Please repeat exactly the lines below from the line with "Esquema anatómico de" to the line with "Equity has planted", including both, and leave out every picture.

● The input
Segment Open
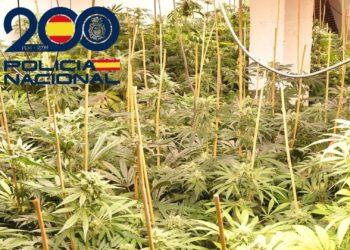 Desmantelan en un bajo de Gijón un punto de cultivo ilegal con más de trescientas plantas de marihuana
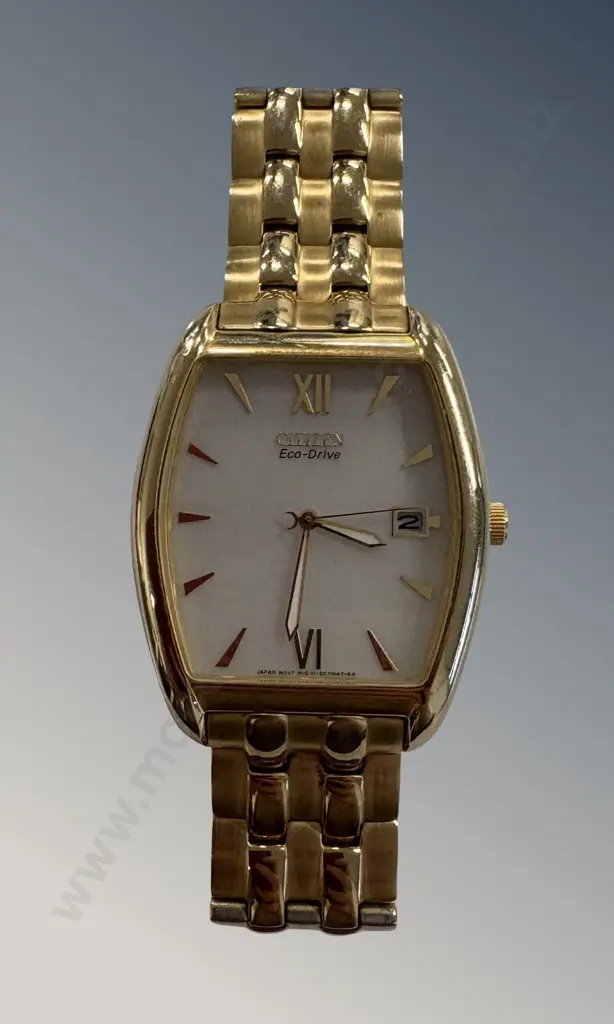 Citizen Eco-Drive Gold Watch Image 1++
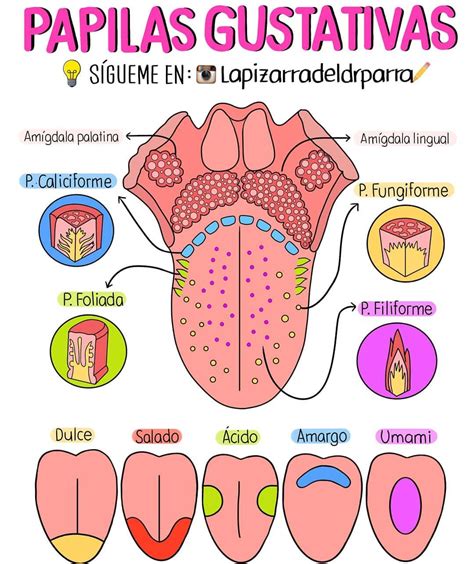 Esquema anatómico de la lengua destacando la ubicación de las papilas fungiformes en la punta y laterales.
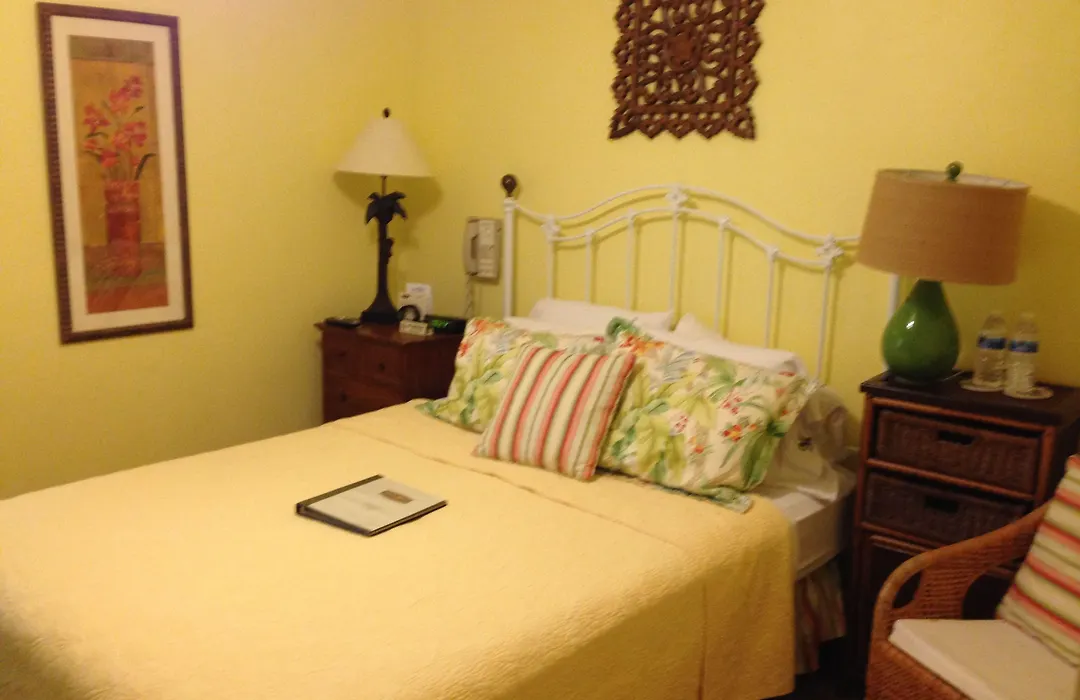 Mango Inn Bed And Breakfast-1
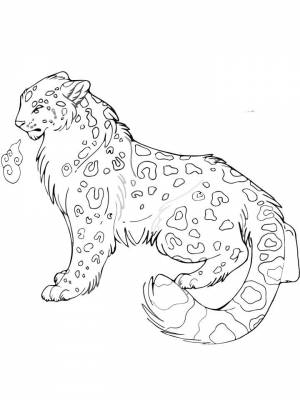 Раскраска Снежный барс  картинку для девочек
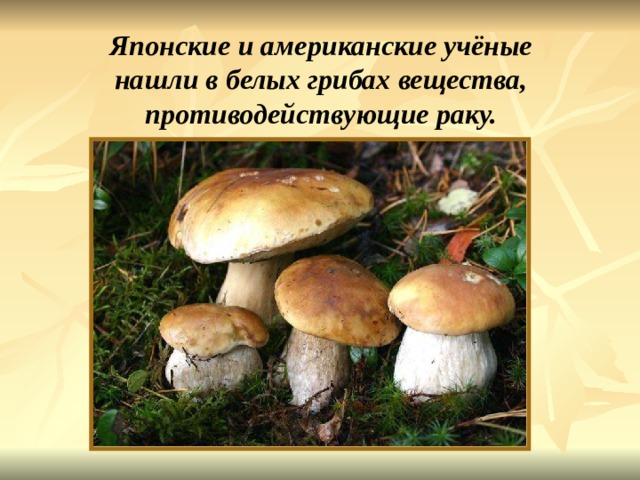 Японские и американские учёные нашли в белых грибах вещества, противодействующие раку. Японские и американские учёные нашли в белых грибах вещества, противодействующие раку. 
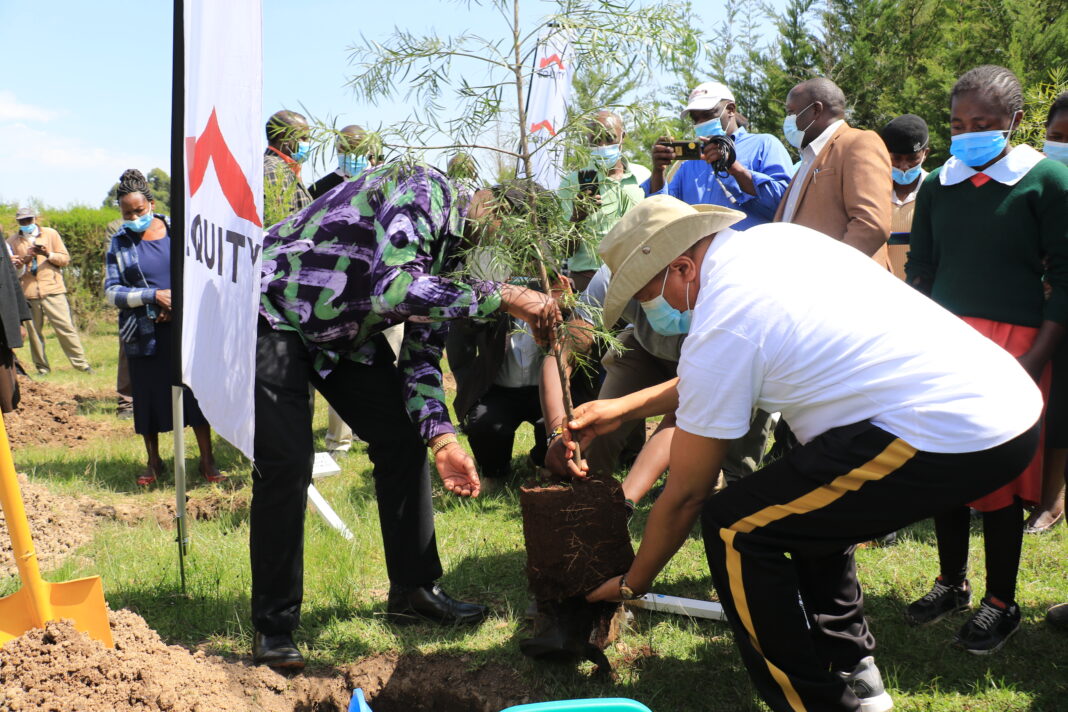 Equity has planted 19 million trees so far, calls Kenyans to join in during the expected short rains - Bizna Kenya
Segment Closed
Segment Open
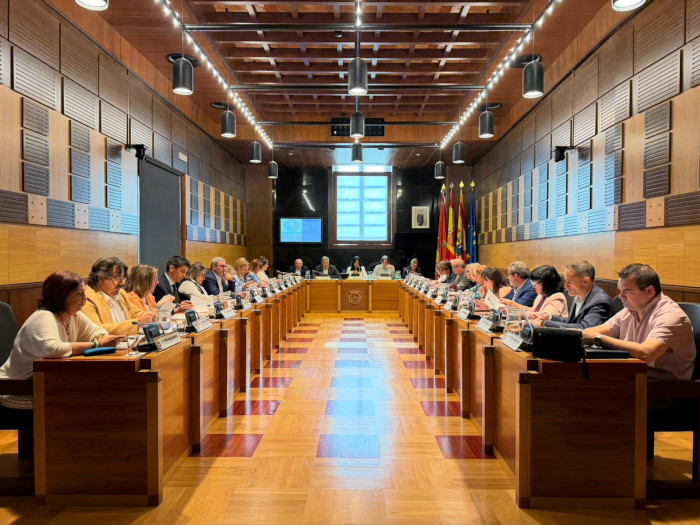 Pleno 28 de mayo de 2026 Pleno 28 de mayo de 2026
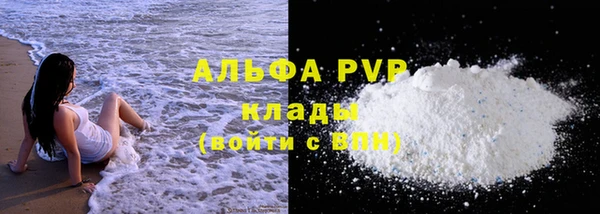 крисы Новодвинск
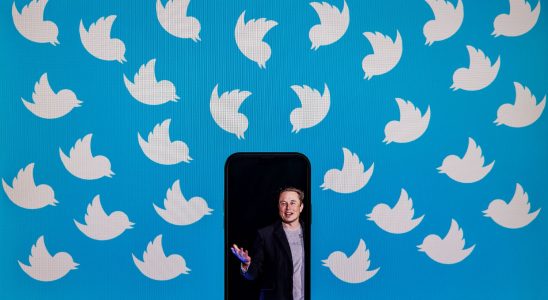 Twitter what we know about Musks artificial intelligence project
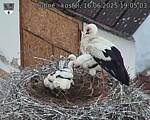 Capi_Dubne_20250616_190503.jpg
Segment Closed
● Result below
 Esquema anatómico de la lengua destacando la ubicación de las papilas fungiformes en la punta y laterales.
 Mango Inn Bed And Breakfast-1
 Раскраска Снежный барс  картинку для девочек
 Японские и американские учёные нашли в белых грибах вещества, противодействующие раку. Японские и американские учёные нашли в белых грибах вещества, противодействующие раку. 
 Equity has planted 19 million trees so far, calls Kenyans to join in during the expected short rains - Bizna Kenya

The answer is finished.